State-owned solar panel glass manufacturer Irico New Energy was able to swallow an undersold shares issuance and the RMB2.57 million (US$396,000) impairment hit of an abandoned production project last year as second-half prices leapt 70%.
The shortage of materials needed to feed the insatiable global demand for solar modules saw the China Electronics Corp-owned glassmaker bank a net profit for shareholders of RMB220 million (US$33.9 million) in 2020, up from RMB93.1 million a year earlier.
Irico's annual report revealed the profit surge came on the back of a rise in revenue, from the RMB2.25 billion generated in 2019 to RMB2.52 billion, as prices and profit margins rose.
The company was able to shrug off the planned RMB2.3 billion issuance of H-shares, prepared in 2019, which in the event generated only a net HK$1.44 billion (RMB1.2 billion/US$185 million), as business improved later in 2020, and is already laying plans for an issue of A-shares.

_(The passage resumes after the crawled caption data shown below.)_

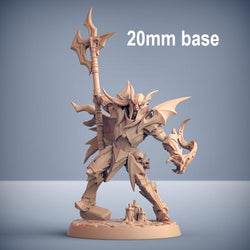 Bloodhunt Knight: Sculpt A (Male Vampire Soldier) (Online Order Only)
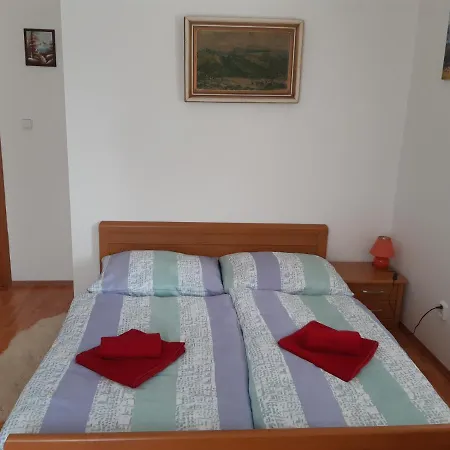 Apartmán Tatry *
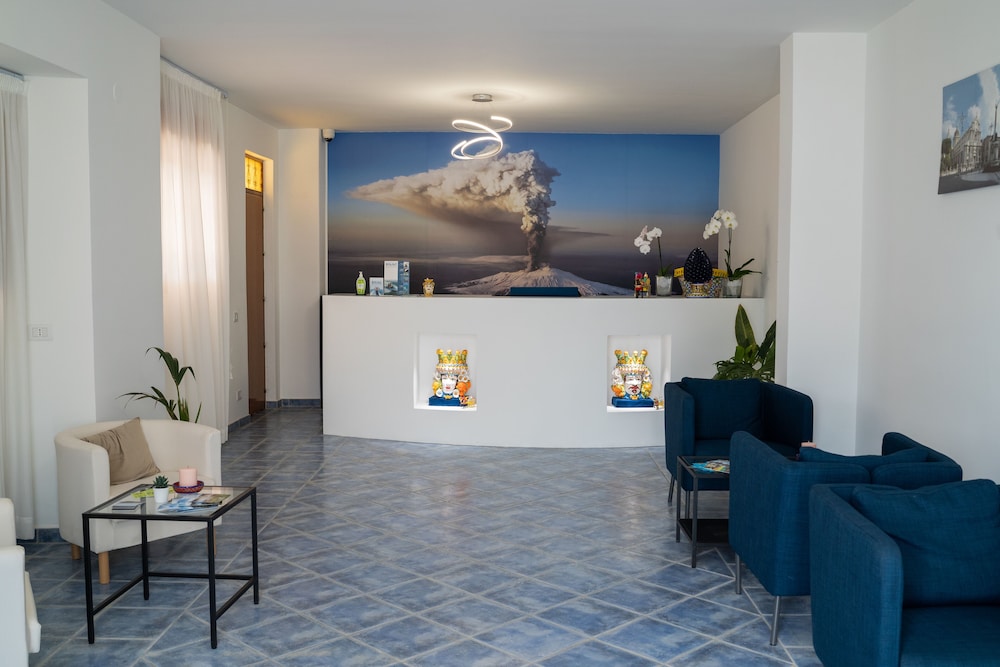Paradise Sicily Rooms — hotel in Calatabiano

The related setback of the abandonment of the third phase of a production expansion project in Xianyang – which was set to be financed by that fundraising exercise – also appears likely to be cast into the shade with Irico New Energy announcing plans in January to establish 10 glass furnaces and associated production lines in Shangrao City. Construction of the initial, three-line phase of that project was slated to have started last month, according to today's annual report, although pv magazine reported last month it was due to begin in the first half of next year.
Most of the numbers in the annual report moved strikingly in the right direction, including current liabilities tumbling from RMB4.19 billion (US$645 million) in 2019 to RMB2.82 billion at the end of last year.
Though the value of the inventories fell RMB9.43 million, the good times in the industry were reflected by the fact Irico paid out only RMB3.97 million in severance payments last year, after a RMB9.54 million redundancy bill a year earlier.
Even with ‘agency fees' leaping from RMB2.94 million in 2019 to RMB15.5 million; insurance costs rocketing from RMB411,000 (US$63,300) to RMB5.47 million; rent and property fees climbing from RMB840,000 to RMB1.35 million, and commission payments going up from RMB1.05 million to RMB4.02 million, there was little to be doleful about in an otherwise glowing 12-month report.